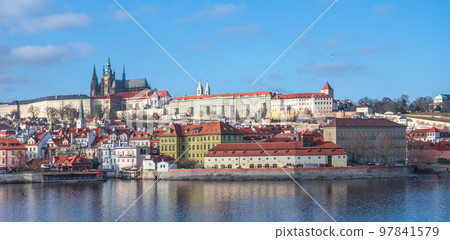 Prague Castle, Czech: Prazsky hrad, with St. Vitus Cathedral on sunny day, Prague, Czech Republic Prague Castle, Czech: Prazsky hrad, with St. Vitus Cathedral on sunny day, Prague, Czech Republic 97841579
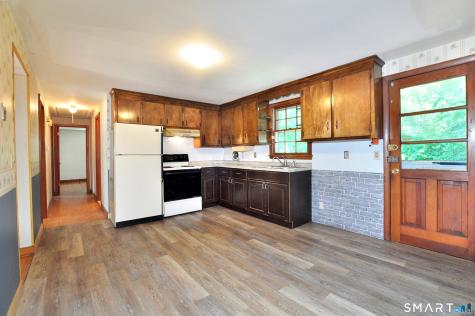 621 Kennedy Road Windsor CT 06095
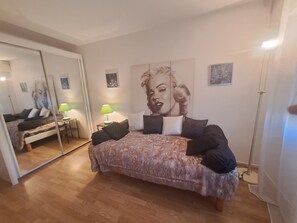 2 bedrooms, iron/ironing board, bed sheets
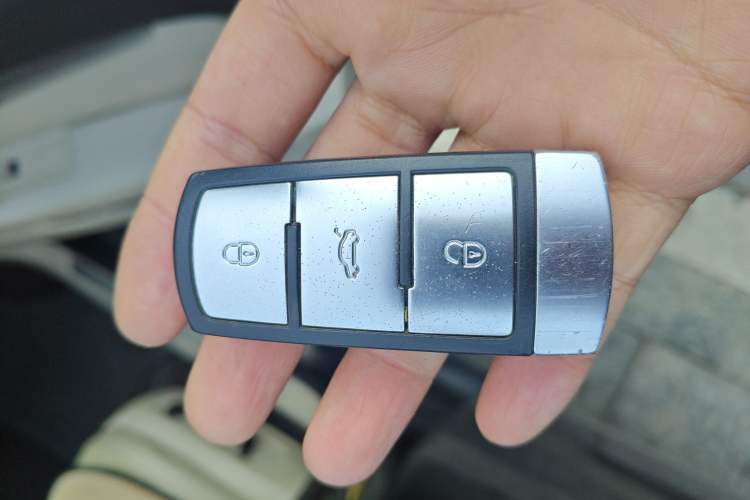 Used Volkswagen Magotan 2012 1.8TSI Luxury Model Vehicle Key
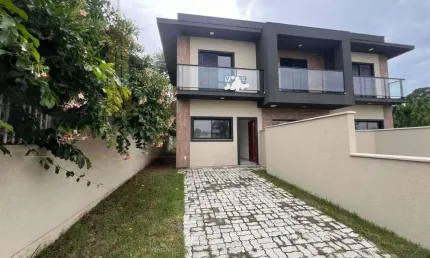 Duplex para Venda em Florianópolis, São João do Rio Vermelho, 2 dormitórios, 2 suítes, 3 banheiros, 1 vaga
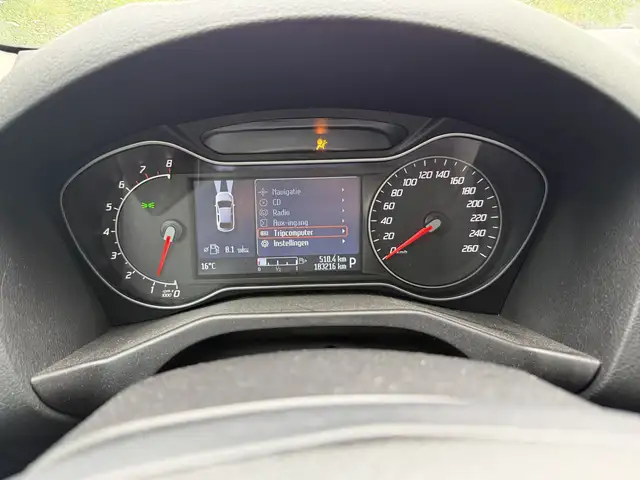 Ford Mondeo view 14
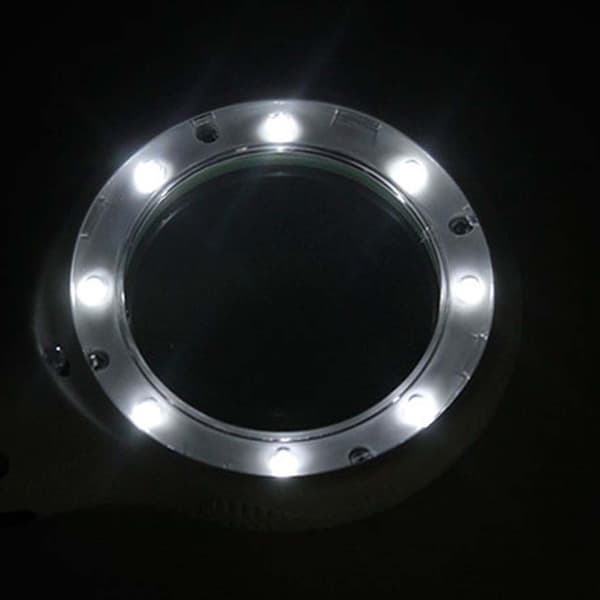 Forstørrelsesglass 4x med LED-lampe - Perfekt for lesing og arbeid hvit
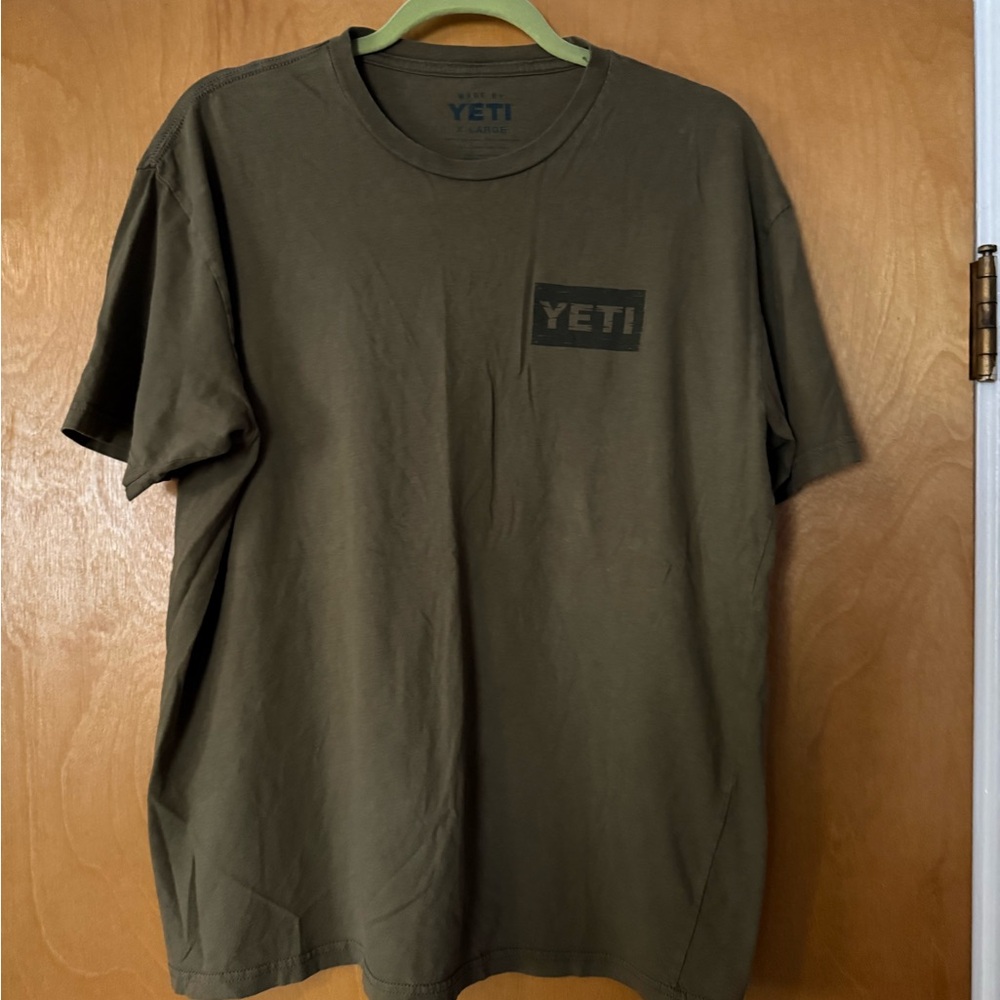 YETI Men's Short Sleeve Tee in Olive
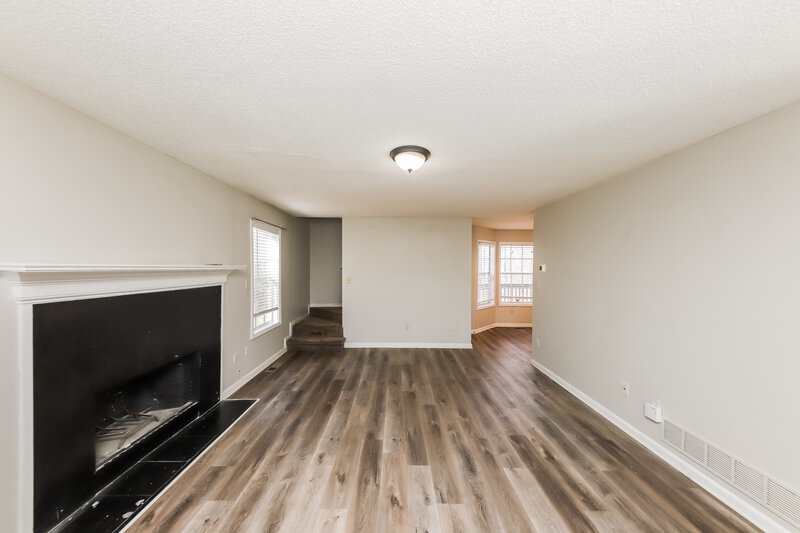 1,805/Mo, 7285 Hunters Ridge Dr Douglasville, GA 30134 Living Room View 2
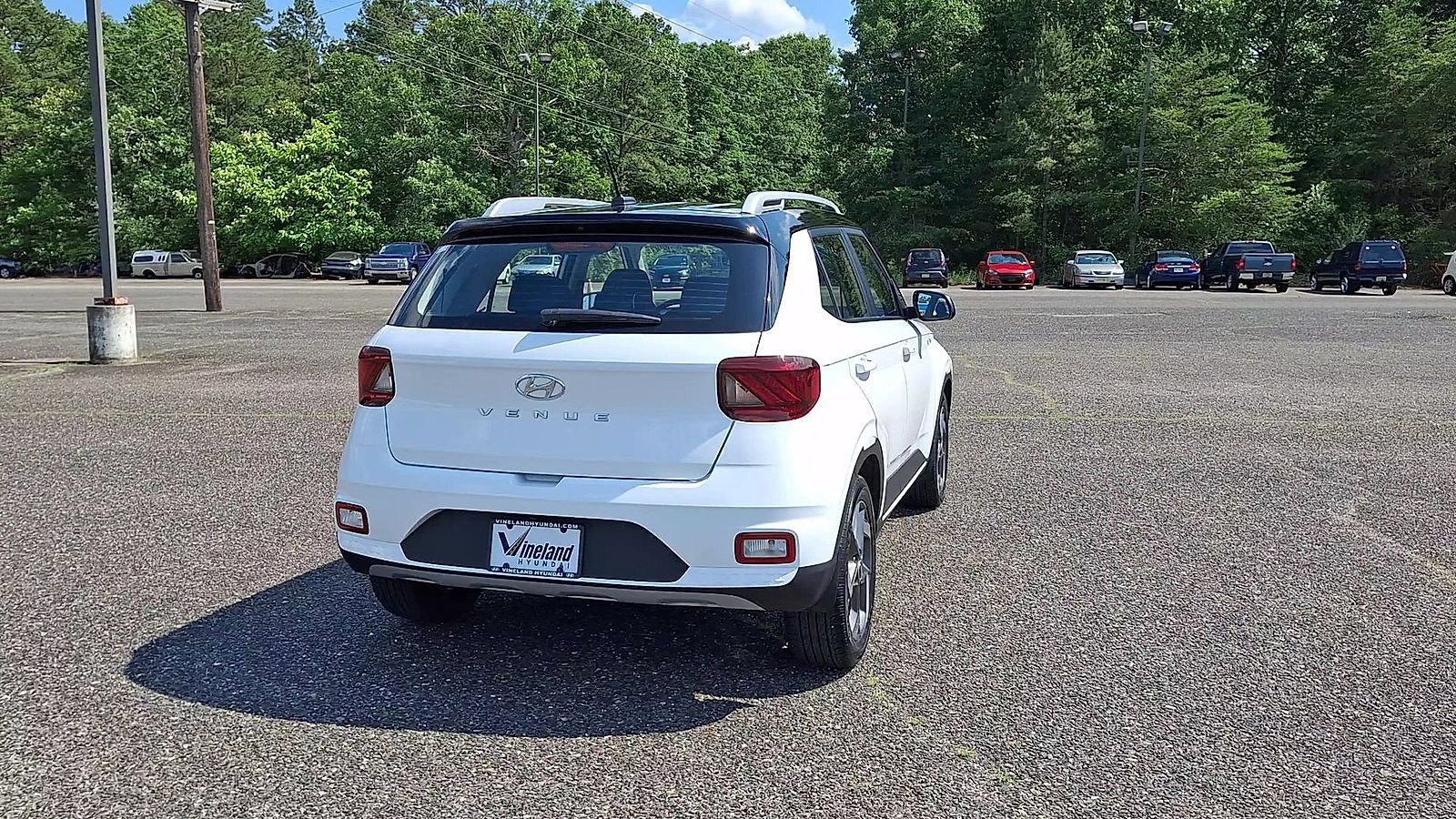 Certified 2025 Hyundai Venue Limited FWD image 7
++++++++++++++++++++
Every line above should be copied exactly; do not carry over the pictures.

Solution to this task>
 Prague Castle, Czech: Prazsky hrad, with St. Vitus Cathedral on sunny day, Prague, Czech Republic Prague Castle, Czech: Prazsky hrad, with St. Vitus Cathedral on sunny day, Prague, Czech Republic 97841579
 621 Kennedy Road Windsor CT 06095
 2 bedrooms, iron/ironing board, bed sheets
 Used Volkswagen Magotan 2012 1.8TSI Luxury Model Vehicle Key
 Duplex para Venda em Florianópolis, São João do Rio Vermelho, 2 dormitórios, 2 suítes, 3 banheiros, 1 vaga
 Ford Mondeo view 14
 Forstørrelsesglass 4x med LED-lampe - Perfekt for lesing og arbeid hvit
 YETI Men's Short Sleeve Tee in Olive
 1,805/Mo, 7285 Hunters Ridge Dr Douglasville, GA 30134 Living Room View 2
 Certified 2025 Hyundai Venue Limited FWD image 7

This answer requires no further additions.